** Task details **
Transcribe exactly the line containing "Two-material V-neck T-shirt image number 1" and the remaining lines of the listing below, through the very last.
++++++++++
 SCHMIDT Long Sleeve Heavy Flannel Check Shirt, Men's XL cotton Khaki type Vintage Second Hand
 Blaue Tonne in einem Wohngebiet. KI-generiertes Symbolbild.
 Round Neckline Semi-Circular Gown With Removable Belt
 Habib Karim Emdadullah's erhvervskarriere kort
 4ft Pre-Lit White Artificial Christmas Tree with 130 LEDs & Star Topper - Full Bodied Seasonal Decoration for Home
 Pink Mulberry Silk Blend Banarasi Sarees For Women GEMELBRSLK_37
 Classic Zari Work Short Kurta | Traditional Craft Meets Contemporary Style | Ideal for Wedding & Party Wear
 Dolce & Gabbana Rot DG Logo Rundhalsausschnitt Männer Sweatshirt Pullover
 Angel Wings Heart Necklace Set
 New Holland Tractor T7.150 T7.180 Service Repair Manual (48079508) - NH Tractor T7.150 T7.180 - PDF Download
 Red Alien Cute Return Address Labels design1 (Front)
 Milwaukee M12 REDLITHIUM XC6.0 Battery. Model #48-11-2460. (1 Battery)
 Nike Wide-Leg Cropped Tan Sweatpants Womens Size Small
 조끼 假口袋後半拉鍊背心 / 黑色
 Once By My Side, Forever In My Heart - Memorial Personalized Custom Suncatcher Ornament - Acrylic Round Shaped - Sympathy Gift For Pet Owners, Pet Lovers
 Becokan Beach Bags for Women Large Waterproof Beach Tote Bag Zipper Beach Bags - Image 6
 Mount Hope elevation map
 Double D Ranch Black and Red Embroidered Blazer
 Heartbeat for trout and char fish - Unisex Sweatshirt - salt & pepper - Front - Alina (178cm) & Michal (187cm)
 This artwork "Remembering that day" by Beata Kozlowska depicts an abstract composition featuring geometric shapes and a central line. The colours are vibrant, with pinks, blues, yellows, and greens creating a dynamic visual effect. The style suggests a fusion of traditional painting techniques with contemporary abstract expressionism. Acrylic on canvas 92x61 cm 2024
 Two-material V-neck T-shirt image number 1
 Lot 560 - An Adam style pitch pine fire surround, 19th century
++++++++++
** Your response **
 Two-material V-neck T-shirt image number 1
 Lot 560 - An Adam style pitch pine fire surround, 19th century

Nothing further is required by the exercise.